EXERCISE DATA below:
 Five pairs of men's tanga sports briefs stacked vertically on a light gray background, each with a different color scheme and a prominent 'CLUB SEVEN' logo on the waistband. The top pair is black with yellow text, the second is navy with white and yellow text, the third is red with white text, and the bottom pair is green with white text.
End of EXERCISE DATA.
EXERCISE DATA below:
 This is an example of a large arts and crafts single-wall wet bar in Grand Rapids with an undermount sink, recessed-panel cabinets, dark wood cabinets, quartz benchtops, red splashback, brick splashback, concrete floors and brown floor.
End of EXERCISE DATA.
EXERCISE DATA below:
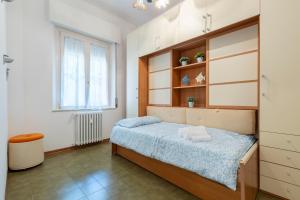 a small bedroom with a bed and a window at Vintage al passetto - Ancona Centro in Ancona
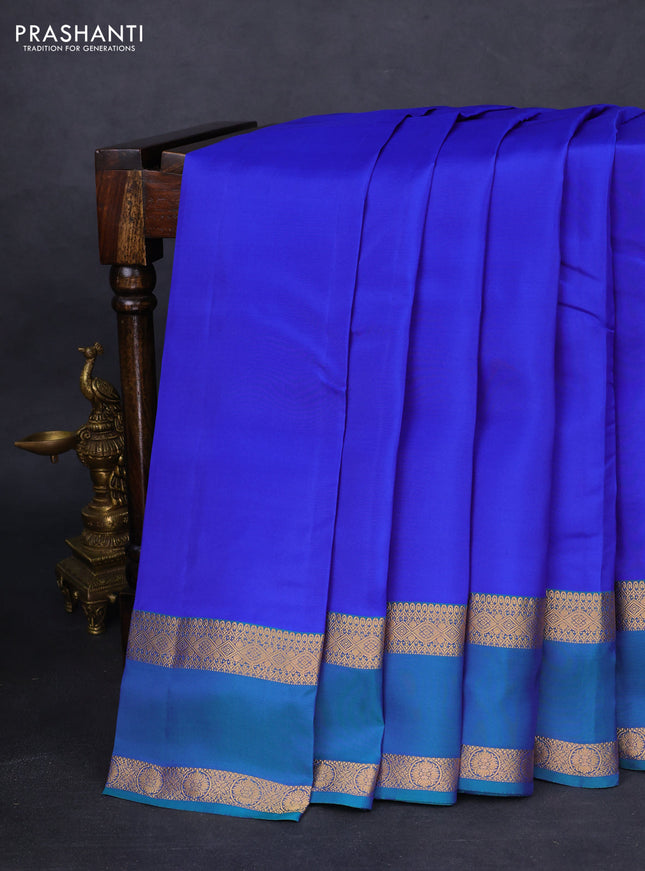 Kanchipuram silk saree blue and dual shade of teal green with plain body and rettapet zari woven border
End of EXERCISE DATA.
PROBLEM DESCRIPTION - Skipping every picture, transcribe exactly the lines above from the one containing "a small bedroom" through the one containing "Kanchipuram silk saree", both included.

RESULT FOR THIS EXERCISE -
 a small bedroom with a bed and a window at Vintage al passetto - Ancona Centro in Ancona
 Kanchipuram silk saree blue and dual shade of teal green with plain body and rettapet zari woven border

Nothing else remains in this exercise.